**WORK TASK:**
In the records below, repeat exactly the lines between the line holding "После коронографии нельзя" and the line holding "Editable before-and-after case", inclusive, and drop the pictures.

**DATA FOR THIS TASK:**
=== Section Start ===

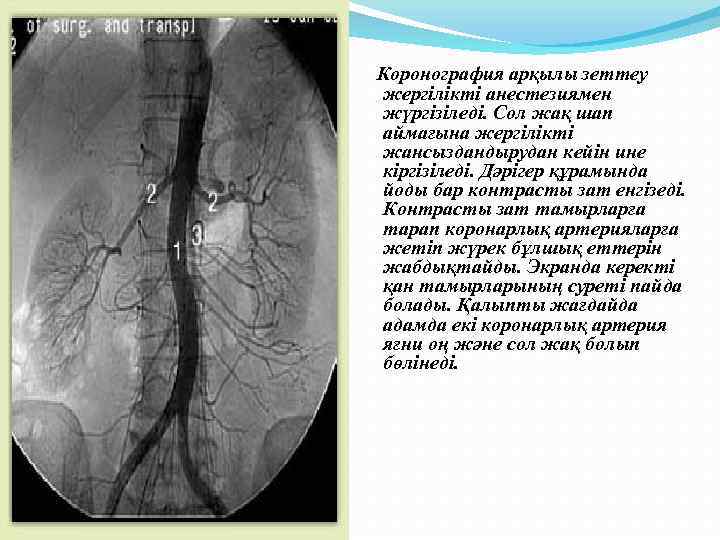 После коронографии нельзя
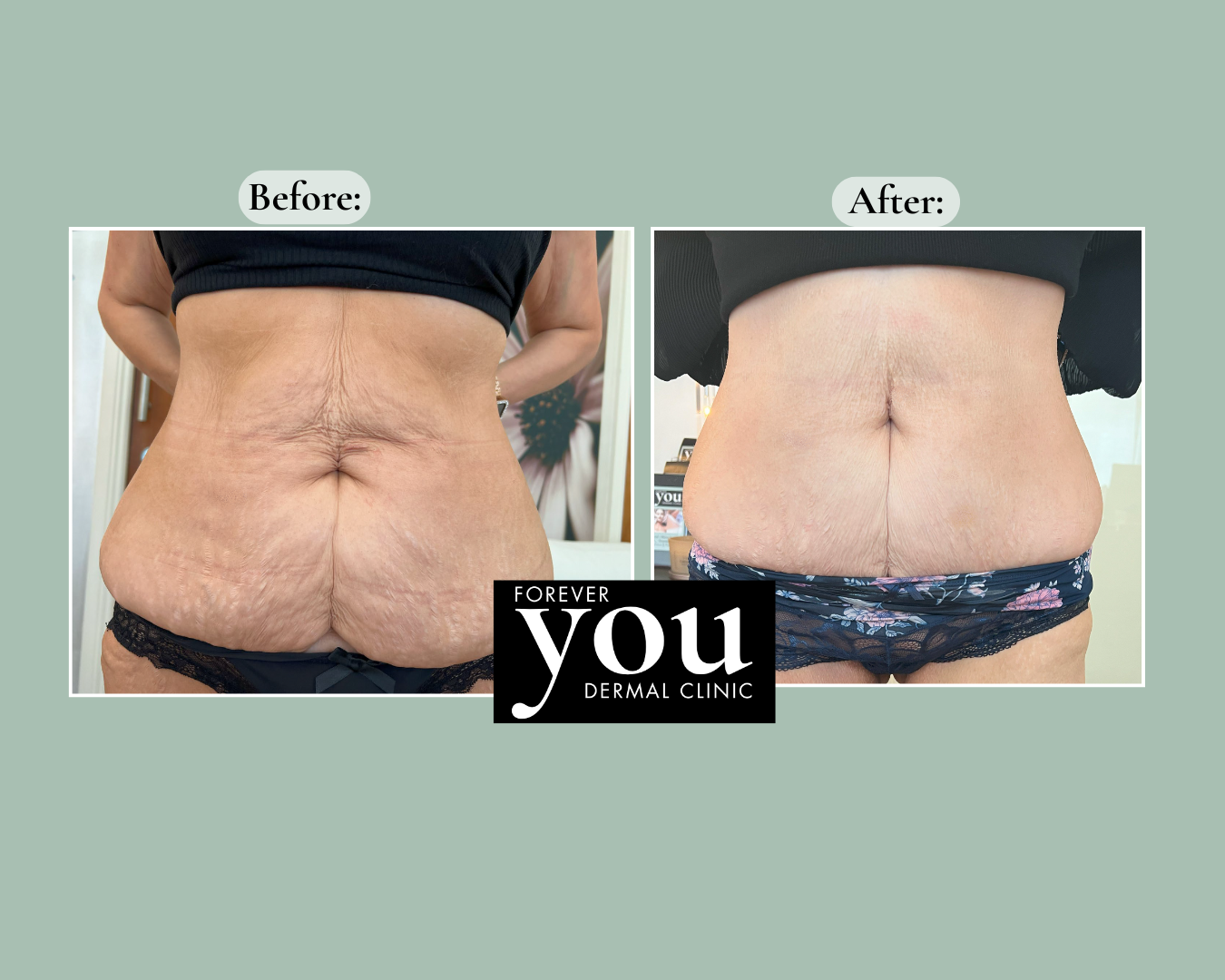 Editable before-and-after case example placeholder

=== Section End ===
=== Section Start ===

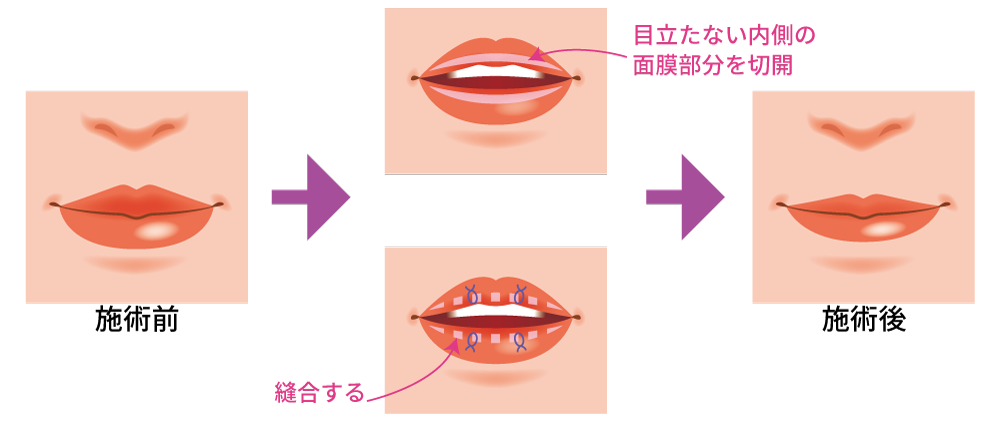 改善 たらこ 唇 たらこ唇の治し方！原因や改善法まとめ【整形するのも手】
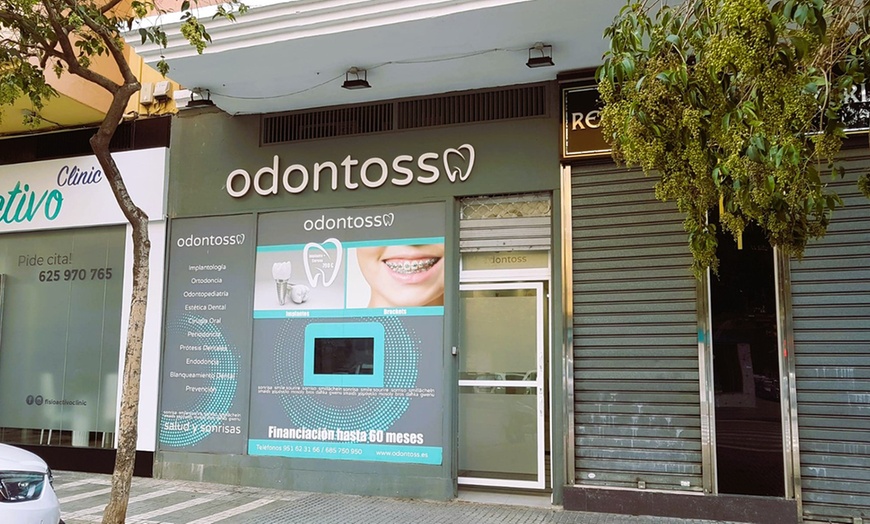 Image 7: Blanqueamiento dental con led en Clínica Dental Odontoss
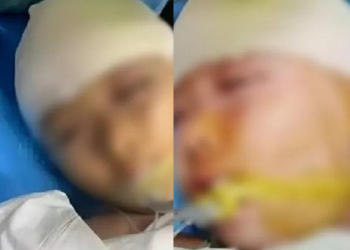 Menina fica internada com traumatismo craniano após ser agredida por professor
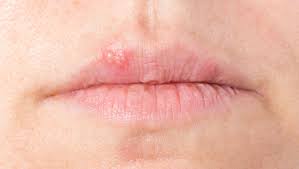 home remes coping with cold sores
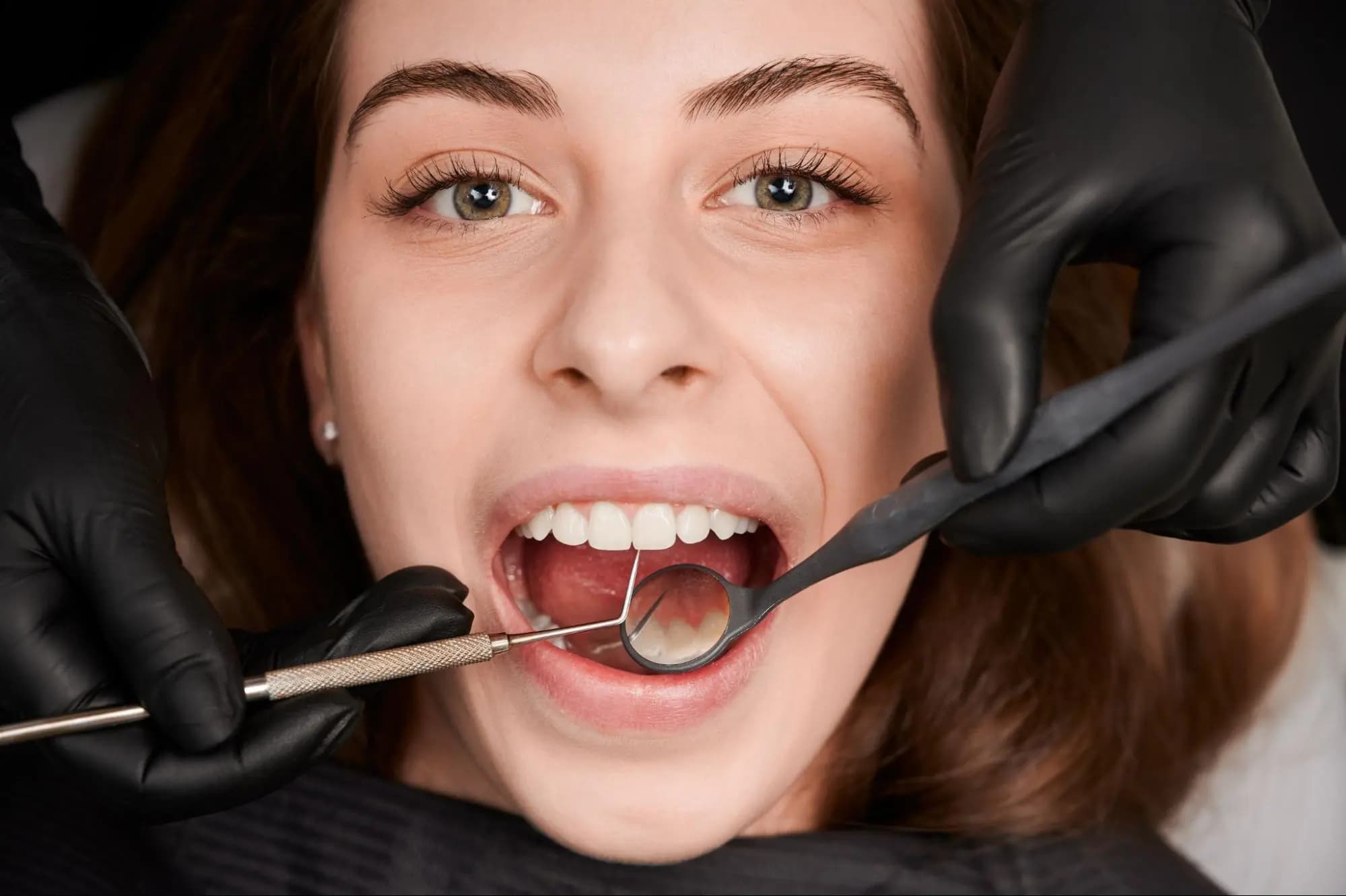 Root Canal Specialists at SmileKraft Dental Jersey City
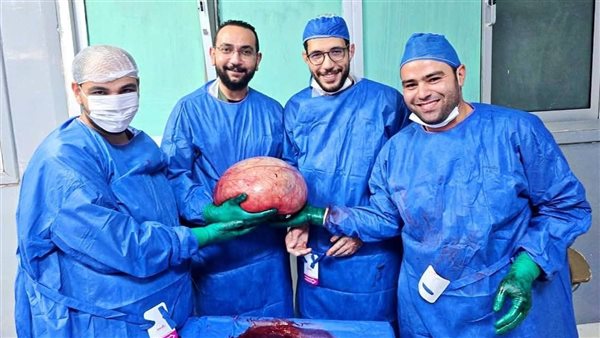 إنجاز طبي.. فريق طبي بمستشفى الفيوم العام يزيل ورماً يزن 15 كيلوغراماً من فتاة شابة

=== Section End ===

**ANSWER TO THIS PROBLEM:**
 После коронографии нельзя
 Editable before-and-after case example placeholder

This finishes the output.